Picking Daffodils: A Lesson in Generosity
Today's guest blog is from Heather Frankland from the Lessons From My Parents crowdsourced book project. We invite you to participate and share by going to http://www.familius.com/1lessons-from-my-parents.
To pick a daffodil or a bouquet of daffodils for the neighbors, you only pick those that have been slanted by the wind. You place your fingers as close as you can to the earth, to where the stem begins, and the dirt gets in your fingernails, and you break it. But only those that have been slanted by the wind. Those that stand straight, it isn’t their time yet. Also, it is good to have diversity so look for yellow ones, white ones, small ones, big ones, double crown ones, even your favorite ones that has fragrance and you want to keep only for yourself. It doesn’t matter that the neighbor calls them jonquils, and we call them daffodils. They are the same thing. Tulips are harder to get. Their stems stay strong despite the wind, and snowdrops and crocuses don’t last long outside of the soil. But daffodils, there is something about daffodils, a splash of bright color after a long winter placed on the dinner table, in the bathroom, on the night stand so that they are the first thing you see after shutting off the irritating alarm. This is what we do for our neighbors. We give them daffodils; we share what we have.
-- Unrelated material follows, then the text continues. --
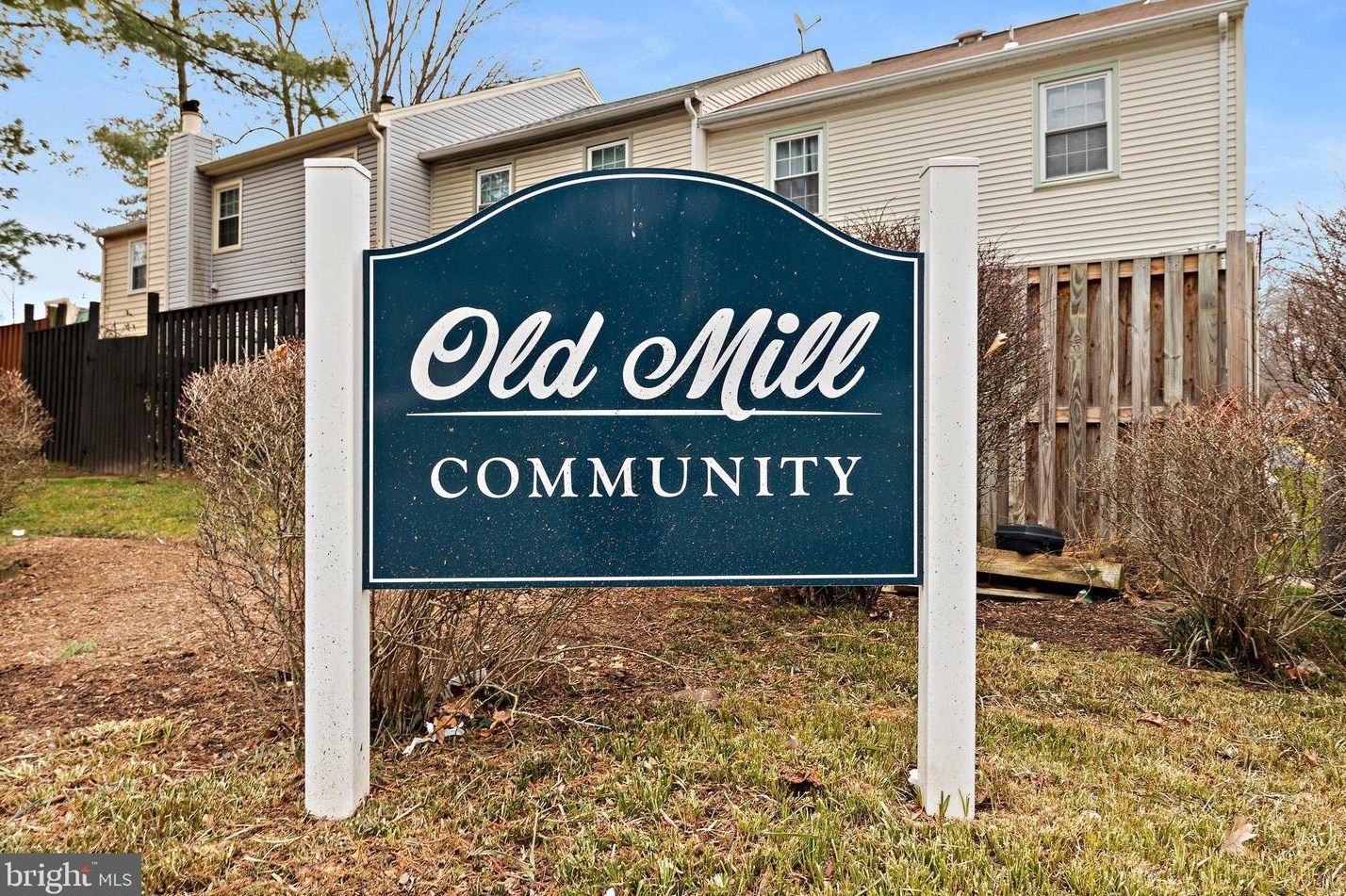 9553 Cherry Oak Ct, Springfield, VA 22015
Although I didn’t know it at the time, my father was teaching me a lesson in generosity and community. It was something that we did every spring. At first, I felt obligated to do it—scowling while I picked daffodils, at times choosing the upright ones just for spite. But when I knocked on the doors of our neighbors and saw their large, appreciative smiles, I realized that something as small as giving a neighbor flowers from our yard was actually a large deed that could change someone’s day. As I grew older, I no longer needed prompting from my father; I would go out on my own accord and look for them. I loved the strong winds that allowed me to gather daffodils and give them away.
It wasn’t just daffodils that we shared. During the summer our garden was stocked full of tomatoes, zucchinis, and green beans. We would gather bowls of them for our neighbors who didn’t have gardens before the tomatoes grew so ripe that they slipped from their vines and burst on the ground, attracting yellow jackets.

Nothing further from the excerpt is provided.